Why Databases, Not Models, Define Enterprise AI
Ameling is direct about why SAP chose not to build its own large language model. The goal was flexibility, not competing in a model arms race. “We said, let’s build an architecture where we can exchange the model, partner with the best vendors, and keep maximum flexibility. That strategy paid off.”
That flexibility sits in SAP’s data layer. According to him, enterprise differentiation comes not from the model but from the context preserved inside business data.
He pointed to the industry’s habit of copying data across lakes and silos: “Companies copied their data into a lake, rebuilt everything, added huge integration costs—sometimes storing the same data three times in different silos.” BDC was created to counter this, offering a federated layer that avoids copying and preserves semantics across finance, procurement, HR and supply chain data.
SAP has also invested heavily in HANA Cloud. “I would claim this is a database for AI, because in a single database you have so many different engines—vector, graph, document store and relational store.” This multi-model approach allows retrieval, reasoning, analytics and transactional workloads to run without splitting the data stack.

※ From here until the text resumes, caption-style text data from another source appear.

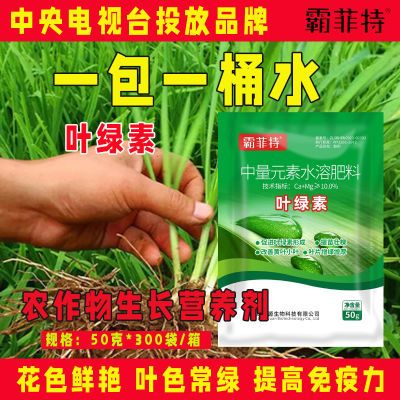 叶绿素叶面肥一喷绿玉米水稻小麦氨基酸水溶肥中量元素水溶肥料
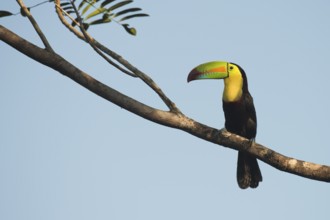 Fishing toucan (Ramphastos sulfuratus), Costa Rica, Central America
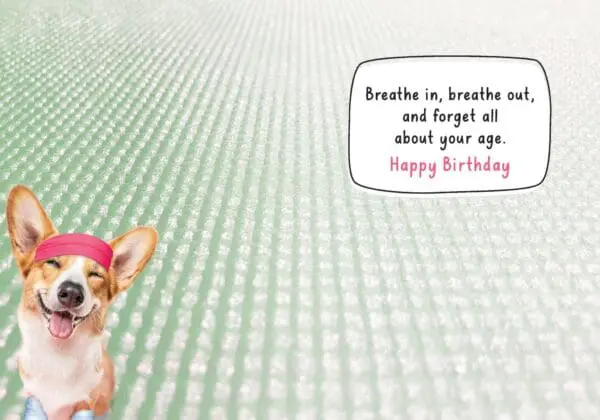  - 564-IOPE0662C_1_lgjpg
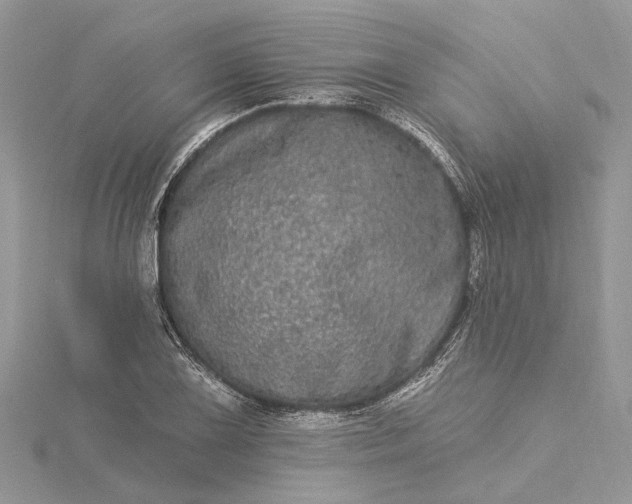 X0000115521075200911201654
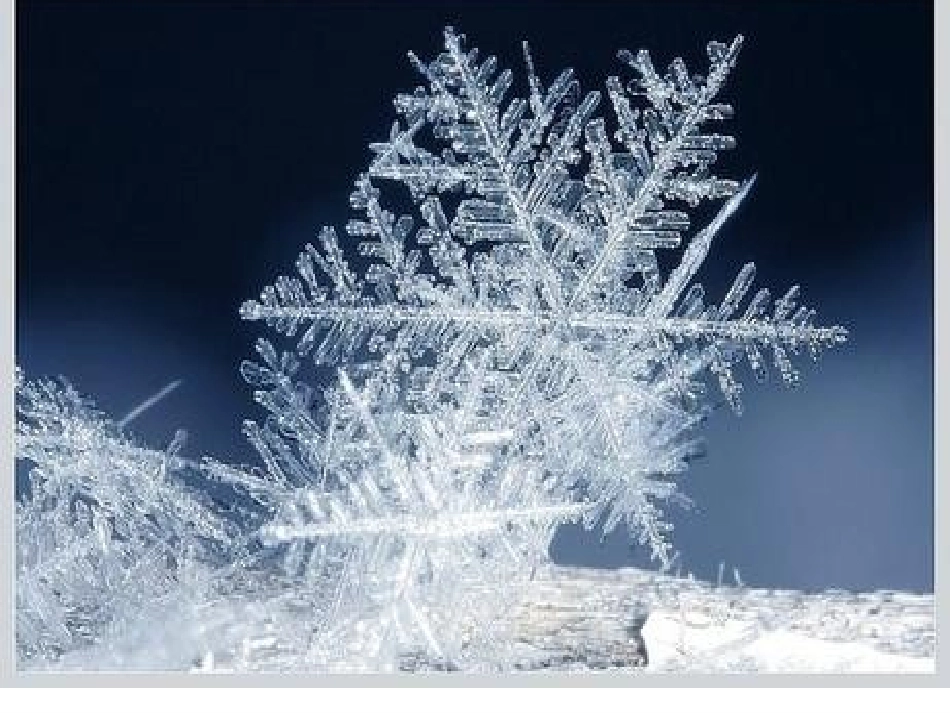 《雪地里的小画家》好_第3页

Some SAP customers are already building AI-driven sales order optimisations directly through the integration of HANA and BDC.
Partnerships with Snowflake and Microsoft Fabric are expanding BDC’s connectivity and reinforcing the company’s open-data philosophy.
India: The Engineering Centre Behind SAP’s AI Data Stack
Ameling is unequivocal about India’s importance, considering many of the core capabilities behind SAP’s data and AI architecture are built here. “A large portion—everything I’ve talked about—is delivered out of India.” This includes HANA Cloud enhancements, anomaly-detection features in the integration suite and several of SAP’s new AI agents. The India teams now cover everything from Kubernetes workload distribution to applied AI use cases.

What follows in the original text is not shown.